At the heart of the DGX Station is Nvidia’s GB300 Grace Blackwell Ultra Superchip. This desktop ”superchip” combines a 72-core Grace CPU with a Blackwell Ultra GPU connected via a high-speed NVLink C2C interface capable of 900 GB/s. The system boasts 784 GB of unified memory: 496 GB of LPDDR5X for the CPU (396 GB/s bandwidth) and 252 GB of HBM3e dedicated to the GPU (7.1 TB/s bandwidth). This architecture allows the CPU and GPU memory pools to function as a single shared resource, giving them direct access to each other’s memory-critical for AI workloads that outgrow individual memory pools.

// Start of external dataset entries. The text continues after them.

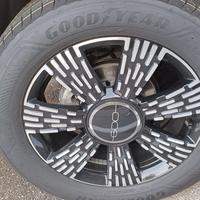 GOODYEAR - ESTIVE - 215/60 R17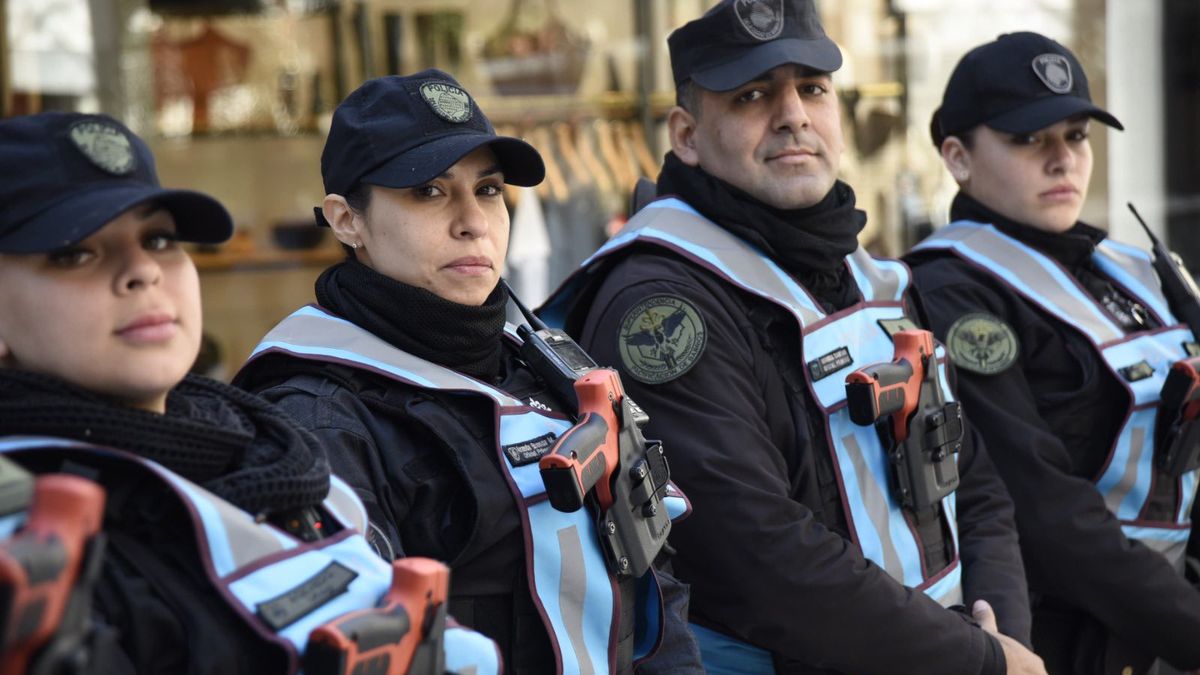 La Policía de la Ciudad con su nueva herramienta. (Foto: Policía)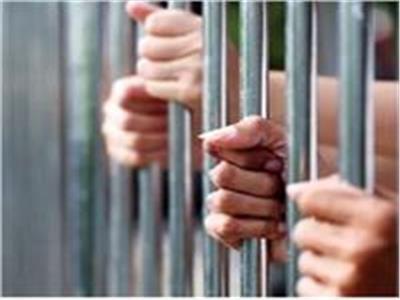 حبس 6 أشخاص ضبط بحوزتهم 10 كيلو مخدرات بالقاهرة 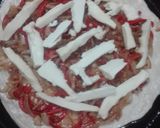 Foto del paso 2 de la receta: Pizza rellena sencillita tranquilita así nomás 😉😋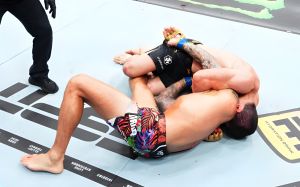 Дастин Порье доставил проблемы, но проиграл Исламу Махачеву на UFC 302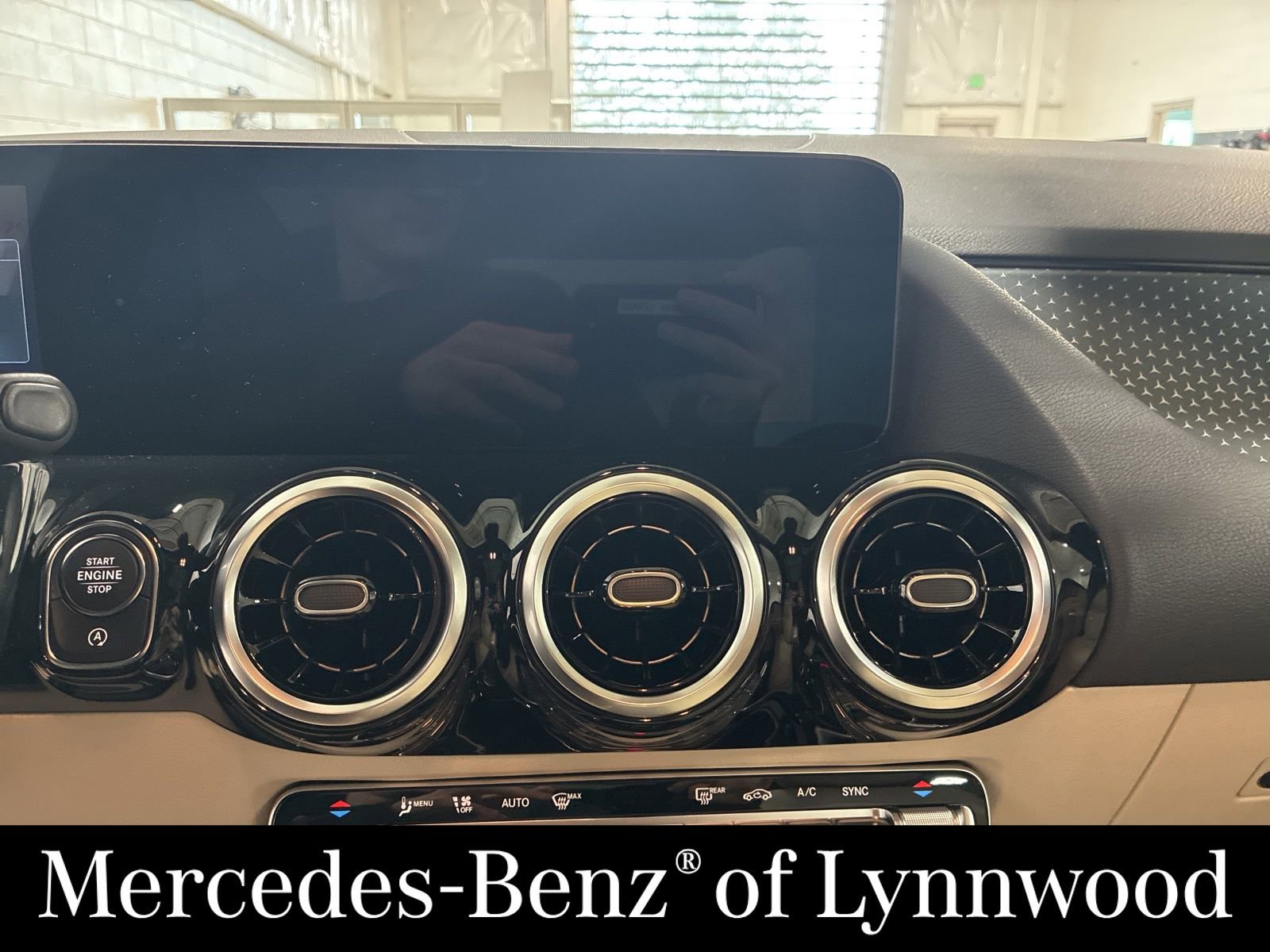 New 2026 Mercedes-Benz GLA 250 4MATIC image 9
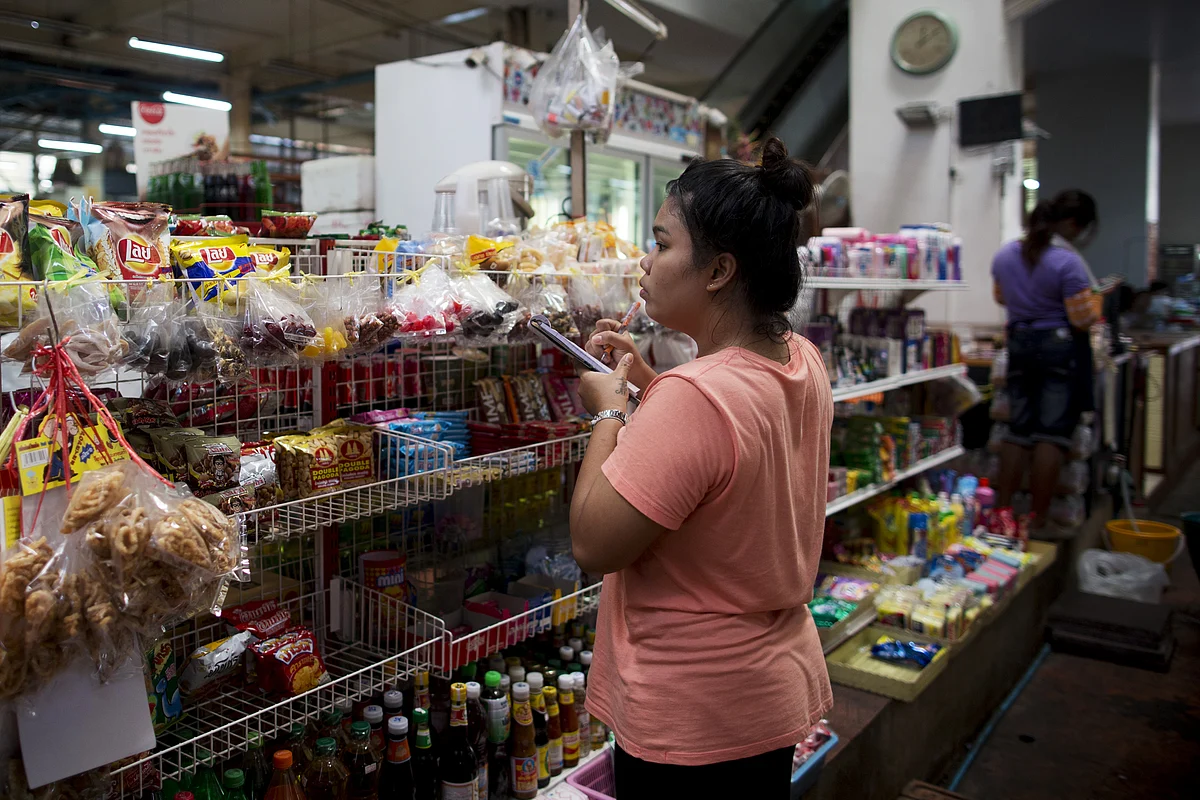 Thailand's GDP Growth Exceeds Forecasts on Domestic Demand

Unlike closed-box solutions, the DGX Station includes three PCIe Gen 5 x16 slots-one with 16 lanes and two with eight lanes each. These slots support discrete graphics cards such as the RTX Pro 6000 Workstation Edition, RTX Pro 6000 Blackwell Max-Q, RTX Pro 4000 Blackwell SFF, and RTX Pro 2000 Blackwell. This flexibility enables the DGX Station to handle a broad range of tasks, including AI training, simulation, rendering, and ray tracing.

Networking is powered by an Nvidia ConnectX-8 SuperNIC adapter with dual QSFP112 ports, delivering up to 800 Gbps bandwidth. Two DGX Stations can be linked to scale up compute-heavy simulations and AI workloads.

Storage options include four M.2 slots, along with standard audio and USB ports. The power supply uses a combination of a 24-pin ATX, an 8-pin EPS, and three 12V-2×6 connectors for the GPUs, with total system power consumption rated at 1600 watts.

The DGX Station fits between Nvidia’s small-footprint AI accelerators like the DGX Spark and its full-size rack-mounted DGX servers. It marks Nvidia’s first desktop supercomputer leveraging the GB300 unified memory architecture in a form factor accessible to individual researchers and small labs. While pricing hasn’t been officially announced, analysts estimate a starting price around $40,000 to $50,000-a level far from consumer reach but attractive for corporate R&D and academic institutions.

Here is a summary of the DGX Station pricing estimates and availability:

  • Preorders open with OEMs: Asus, Dell, Gigabyte, MSI, Supermicro, HP
  • Shipments expected within a few months from launch
  • Estimated starting price: $40,000 to $50,000

Compared to offerings from Apple’s M-series chips or AMD’s AI-capable processors, Nvidia’s DGX Station uniquely targets the intersection of CPU-GPU unified memory in a workstation optimized for large-scale AI and data workloads. The inclusion of versatile PCIe slots and high-end network adapters further distinguishes it from the typical compact AI systems currently available.

Looking ahead, the DGX Station could reshape how midsize research teams and enterprises deploy AI hardware, bridging the gap between portable accelerators and bulky server racks. Key to watch will be how effectively Nvidia’s unified memory architecture accelerates real-world AI projects and whether broad OEM adoption drives wider availability or pricing adjustments in future iterations.